Elon Musk’s xAI Colossus Supercomputer Is on Its Way to 1 Million GPUs
(Credit: Nvidiia)
Phase One of xAI’s supercomputer is operating as planned. Elon Musk’s massive AI training system in Memphis, Tenn. has transitioned to the city’s main power grid, according to Tom’s Hardware. The grid gives xAI access to the 150MW it needs to power a center that operates 200,000 Nvidia GPUs. The company plans to reach 1 million GPUs as it scales up to compete with rivals like the Oracle Cloud Infrastructure (OCI), which has at least 131,072 GPUs.

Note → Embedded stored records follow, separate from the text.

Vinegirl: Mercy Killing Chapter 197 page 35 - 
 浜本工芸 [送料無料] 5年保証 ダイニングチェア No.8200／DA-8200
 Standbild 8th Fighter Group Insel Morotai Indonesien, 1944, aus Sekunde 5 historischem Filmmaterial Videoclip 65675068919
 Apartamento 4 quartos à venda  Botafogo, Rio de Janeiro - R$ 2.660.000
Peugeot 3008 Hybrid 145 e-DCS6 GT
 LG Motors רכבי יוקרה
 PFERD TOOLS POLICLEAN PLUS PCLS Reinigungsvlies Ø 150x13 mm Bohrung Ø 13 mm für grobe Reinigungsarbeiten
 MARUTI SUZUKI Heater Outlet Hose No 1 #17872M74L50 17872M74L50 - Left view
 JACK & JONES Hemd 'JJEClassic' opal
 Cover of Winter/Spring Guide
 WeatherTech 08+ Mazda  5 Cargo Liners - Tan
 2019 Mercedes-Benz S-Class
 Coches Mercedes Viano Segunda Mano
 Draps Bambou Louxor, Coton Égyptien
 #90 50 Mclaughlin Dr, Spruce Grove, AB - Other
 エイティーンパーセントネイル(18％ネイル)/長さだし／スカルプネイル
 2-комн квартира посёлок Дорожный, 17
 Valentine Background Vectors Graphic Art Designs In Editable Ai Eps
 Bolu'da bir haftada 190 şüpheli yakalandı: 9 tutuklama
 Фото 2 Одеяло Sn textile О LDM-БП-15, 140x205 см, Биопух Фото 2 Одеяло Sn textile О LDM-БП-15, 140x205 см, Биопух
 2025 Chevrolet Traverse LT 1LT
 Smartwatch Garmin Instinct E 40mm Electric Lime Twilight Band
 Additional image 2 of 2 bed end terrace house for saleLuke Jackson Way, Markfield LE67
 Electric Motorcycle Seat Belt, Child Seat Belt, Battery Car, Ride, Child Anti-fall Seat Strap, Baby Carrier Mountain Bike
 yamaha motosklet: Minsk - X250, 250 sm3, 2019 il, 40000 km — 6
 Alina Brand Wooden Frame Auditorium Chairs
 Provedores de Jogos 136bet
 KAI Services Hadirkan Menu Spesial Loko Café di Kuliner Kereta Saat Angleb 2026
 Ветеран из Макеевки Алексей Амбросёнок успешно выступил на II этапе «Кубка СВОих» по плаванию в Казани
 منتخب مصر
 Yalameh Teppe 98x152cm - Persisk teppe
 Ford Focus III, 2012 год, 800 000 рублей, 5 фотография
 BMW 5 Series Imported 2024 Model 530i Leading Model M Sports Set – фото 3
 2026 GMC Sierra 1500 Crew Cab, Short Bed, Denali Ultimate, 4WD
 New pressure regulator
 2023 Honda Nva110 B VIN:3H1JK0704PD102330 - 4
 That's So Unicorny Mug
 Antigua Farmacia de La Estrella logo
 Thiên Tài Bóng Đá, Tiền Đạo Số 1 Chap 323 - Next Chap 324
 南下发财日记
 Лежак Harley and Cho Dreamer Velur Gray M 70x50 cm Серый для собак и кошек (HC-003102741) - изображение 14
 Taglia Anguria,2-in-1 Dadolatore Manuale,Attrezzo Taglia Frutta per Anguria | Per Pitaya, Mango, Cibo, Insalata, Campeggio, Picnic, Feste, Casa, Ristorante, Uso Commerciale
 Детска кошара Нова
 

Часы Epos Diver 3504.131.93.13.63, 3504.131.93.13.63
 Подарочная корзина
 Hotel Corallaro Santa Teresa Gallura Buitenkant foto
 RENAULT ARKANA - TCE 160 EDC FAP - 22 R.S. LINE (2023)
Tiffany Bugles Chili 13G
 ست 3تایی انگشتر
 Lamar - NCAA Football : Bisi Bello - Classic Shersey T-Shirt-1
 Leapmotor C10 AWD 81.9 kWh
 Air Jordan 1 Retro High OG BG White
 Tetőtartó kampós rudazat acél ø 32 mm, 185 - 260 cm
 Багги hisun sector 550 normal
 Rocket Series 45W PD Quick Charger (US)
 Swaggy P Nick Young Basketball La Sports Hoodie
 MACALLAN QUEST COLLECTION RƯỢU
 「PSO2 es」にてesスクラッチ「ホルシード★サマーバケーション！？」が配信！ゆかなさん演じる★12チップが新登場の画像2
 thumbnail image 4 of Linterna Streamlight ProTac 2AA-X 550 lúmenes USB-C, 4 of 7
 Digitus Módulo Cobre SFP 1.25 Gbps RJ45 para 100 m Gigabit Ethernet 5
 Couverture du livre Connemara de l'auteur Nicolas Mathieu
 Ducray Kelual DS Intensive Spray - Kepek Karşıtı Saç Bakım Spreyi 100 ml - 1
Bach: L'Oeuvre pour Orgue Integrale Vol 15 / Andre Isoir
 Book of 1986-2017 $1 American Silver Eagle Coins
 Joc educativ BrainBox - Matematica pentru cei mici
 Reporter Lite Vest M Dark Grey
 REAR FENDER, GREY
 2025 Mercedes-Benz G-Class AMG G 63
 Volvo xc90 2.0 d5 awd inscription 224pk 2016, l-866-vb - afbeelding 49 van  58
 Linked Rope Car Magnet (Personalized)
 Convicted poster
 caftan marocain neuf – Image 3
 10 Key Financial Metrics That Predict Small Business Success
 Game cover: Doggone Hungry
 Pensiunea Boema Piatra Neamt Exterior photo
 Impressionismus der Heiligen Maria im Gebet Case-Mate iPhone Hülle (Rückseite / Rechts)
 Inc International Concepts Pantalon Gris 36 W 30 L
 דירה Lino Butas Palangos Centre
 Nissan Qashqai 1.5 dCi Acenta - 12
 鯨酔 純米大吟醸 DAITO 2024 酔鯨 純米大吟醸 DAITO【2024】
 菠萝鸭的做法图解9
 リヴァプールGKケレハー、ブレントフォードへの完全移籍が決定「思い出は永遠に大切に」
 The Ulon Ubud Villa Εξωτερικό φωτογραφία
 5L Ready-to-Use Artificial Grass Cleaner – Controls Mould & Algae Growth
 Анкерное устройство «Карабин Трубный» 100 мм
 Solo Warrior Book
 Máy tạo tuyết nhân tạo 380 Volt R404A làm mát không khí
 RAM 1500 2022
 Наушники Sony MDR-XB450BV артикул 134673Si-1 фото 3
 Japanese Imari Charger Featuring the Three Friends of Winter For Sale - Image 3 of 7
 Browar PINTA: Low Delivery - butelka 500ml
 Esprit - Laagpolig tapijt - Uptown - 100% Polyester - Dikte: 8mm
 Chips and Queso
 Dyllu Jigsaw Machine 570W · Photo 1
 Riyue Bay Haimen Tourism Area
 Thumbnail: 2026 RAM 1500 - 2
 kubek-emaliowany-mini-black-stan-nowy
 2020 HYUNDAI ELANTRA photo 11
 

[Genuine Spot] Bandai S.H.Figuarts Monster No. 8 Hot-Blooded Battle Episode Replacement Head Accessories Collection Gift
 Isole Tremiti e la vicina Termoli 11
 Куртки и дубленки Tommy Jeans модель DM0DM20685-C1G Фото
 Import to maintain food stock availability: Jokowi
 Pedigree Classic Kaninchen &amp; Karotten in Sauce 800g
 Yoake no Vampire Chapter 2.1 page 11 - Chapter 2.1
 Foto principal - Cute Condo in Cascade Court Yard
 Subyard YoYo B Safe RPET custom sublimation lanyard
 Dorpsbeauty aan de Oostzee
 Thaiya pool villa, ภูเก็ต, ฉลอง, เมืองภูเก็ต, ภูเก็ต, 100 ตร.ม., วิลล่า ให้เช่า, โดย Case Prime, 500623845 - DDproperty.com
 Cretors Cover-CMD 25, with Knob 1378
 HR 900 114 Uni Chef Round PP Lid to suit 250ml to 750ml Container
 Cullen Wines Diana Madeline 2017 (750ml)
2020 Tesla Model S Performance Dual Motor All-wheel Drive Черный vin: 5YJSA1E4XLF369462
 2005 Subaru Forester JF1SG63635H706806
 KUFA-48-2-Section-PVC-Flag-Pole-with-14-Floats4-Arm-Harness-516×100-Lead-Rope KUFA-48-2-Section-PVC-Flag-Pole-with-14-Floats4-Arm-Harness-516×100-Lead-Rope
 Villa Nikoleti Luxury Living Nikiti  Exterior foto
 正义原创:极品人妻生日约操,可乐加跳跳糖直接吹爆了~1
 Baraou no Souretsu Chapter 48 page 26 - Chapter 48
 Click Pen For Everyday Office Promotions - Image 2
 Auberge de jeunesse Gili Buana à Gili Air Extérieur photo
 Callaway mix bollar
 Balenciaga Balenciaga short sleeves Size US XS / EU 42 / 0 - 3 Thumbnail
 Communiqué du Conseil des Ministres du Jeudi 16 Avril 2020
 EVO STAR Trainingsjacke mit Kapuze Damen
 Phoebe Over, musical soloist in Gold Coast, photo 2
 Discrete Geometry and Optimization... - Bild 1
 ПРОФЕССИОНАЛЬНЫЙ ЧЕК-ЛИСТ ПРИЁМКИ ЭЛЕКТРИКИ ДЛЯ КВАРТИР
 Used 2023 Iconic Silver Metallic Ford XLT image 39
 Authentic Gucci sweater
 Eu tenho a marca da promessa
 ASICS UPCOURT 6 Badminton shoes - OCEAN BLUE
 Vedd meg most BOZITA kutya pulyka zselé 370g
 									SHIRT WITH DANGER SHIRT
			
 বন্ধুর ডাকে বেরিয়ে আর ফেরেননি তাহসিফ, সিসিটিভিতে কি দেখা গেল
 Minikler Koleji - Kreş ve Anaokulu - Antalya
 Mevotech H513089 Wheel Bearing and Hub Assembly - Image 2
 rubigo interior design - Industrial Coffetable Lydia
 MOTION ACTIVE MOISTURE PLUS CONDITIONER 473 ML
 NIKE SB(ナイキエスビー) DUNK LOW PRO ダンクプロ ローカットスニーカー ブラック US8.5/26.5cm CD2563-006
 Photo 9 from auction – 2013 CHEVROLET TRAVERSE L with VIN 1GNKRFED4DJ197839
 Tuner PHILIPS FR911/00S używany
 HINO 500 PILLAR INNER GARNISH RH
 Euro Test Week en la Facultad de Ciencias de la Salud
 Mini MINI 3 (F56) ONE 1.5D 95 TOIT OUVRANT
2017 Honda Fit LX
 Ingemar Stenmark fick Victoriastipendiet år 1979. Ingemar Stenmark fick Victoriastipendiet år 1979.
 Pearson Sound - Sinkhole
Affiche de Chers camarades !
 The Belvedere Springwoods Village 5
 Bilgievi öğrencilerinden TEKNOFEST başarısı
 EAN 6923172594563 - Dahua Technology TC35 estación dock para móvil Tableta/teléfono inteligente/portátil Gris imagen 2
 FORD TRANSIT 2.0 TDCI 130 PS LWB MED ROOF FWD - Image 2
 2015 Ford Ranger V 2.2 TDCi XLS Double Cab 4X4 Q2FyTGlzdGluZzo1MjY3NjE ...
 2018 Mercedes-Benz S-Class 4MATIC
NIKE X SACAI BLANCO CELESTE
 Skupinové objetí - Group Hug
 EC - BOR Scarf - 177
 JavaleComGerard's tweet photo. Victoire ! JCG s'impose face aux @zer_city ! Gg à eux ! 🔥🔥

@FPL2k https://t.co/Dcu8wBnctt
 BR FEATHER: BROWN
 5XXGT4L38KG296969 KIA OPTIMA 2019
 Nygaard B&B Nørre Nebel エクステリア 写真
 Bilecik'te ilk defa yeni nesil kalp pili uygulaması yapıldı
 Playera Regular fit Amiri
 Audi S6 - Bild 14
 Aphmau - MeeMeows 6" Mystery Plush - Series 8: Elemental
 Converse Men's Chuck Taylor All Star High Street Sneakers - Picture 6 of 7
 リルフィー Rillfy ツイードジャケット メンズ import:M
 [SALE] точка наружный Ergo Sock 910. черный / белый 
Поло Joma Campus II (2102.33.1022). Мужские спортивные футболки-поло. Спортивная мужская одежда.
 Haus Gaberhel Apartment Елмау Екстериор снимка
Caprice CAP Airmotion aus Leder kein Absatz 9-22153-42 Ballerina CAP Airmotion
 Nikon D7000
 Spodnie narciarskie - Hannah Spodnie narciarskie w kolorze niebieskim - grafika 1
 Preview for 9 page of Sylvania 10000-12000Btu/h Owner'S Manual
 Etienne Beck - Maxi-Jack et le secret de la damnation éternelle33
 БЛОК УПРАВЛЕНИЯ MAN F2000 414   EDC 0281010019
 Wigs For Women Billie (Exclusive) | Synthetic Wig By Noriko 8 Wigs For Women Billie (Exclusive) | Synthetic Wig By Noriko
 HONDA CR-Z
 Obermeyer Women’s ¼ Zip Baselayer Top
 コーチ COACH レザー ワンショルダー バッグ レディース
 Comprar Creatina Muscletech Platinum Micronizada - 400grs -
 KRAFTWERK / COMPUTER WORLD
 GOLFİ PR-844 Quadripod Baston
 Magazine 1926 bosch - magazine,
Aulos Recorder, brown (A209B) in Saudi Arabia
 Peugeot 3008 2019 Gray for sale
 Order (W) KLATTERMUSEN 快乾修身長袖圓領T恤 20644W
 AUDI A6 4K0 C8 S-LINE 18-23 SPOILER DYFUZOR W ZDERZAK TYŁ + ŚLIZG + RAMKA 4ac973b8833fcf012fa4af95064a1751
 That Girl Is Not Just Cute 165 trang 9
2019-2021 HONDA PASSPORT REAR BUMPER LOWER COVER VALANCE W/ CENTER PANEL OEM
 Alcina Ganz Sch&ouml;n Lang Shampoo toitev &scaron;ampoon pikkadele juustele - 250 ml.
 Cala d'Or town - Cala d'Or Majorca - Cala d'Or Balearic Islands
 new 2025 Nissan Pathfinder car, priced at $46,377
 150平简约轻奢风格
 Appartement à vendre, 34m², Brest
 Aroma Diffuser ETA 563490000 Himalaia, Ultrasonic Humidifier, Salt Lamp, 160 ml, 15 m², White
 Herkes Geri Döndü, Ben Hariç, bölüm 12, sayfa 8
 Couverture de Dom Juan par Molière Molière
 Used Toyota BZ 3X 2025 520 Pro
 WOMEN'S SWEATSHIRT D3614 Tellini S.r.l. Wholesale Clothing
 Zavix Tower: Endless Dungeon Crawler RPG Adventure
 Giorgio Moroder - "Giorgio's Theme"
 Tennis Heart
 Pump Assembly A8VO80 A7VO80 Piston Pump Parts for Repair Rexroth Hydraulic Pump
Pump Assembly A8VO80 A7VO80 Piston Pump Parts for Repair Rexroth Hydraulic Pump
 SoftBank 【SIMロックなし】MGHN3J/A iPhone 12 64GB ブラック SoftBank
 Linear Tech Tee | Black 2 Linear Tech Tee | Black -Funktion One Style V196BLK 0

One of the most intriguing aspects of xAI’s ambitious project is the speed with which it’s moving. The company came onto the AI scene in the summer of 2023, when Musk announced xAI on X, writing that its purpose was “to understand reality.” Fast forward a year, and construction of Colossus, the company’s AI supercluster, was well underway. Colossus started with 100,000 Nvidia H100 Hopper AI accelerators, which is a stunning number of devices in its own right, but that number doubled in February 2025 to 200,000.
According to xAI, Colossus was built in 122 days, which is a shockingly fast construction period. The company then bumped to 200,000 GPUs in 92 days. During this time, the company faced a monumental challenge: providing power to the massive number of GPUs in its cluster. Unfortunately, the power grid provided just 7MW to Colossus at launch. To provide power while awaiting a better connection to the Memphis power grid, the company made use of natural gas generators, which, as Tom’s Hardware notes, led to complaints from some residents.
Now, the situation is different. Memphis provides 150MW of power, which resulted in the Colossus reducing the number of generators it was using. On top of that, the Colossus apparently has 150MW in Tesla batteries to provide power when needed. That’s good news for Phase One, but Phase Two will require more power. Another substation will help the Colossus get to 300MW of power, possibly as early as the fall of this year. The supercomputer’s power needs will continue to rise as more GPUs are added to the existing setup.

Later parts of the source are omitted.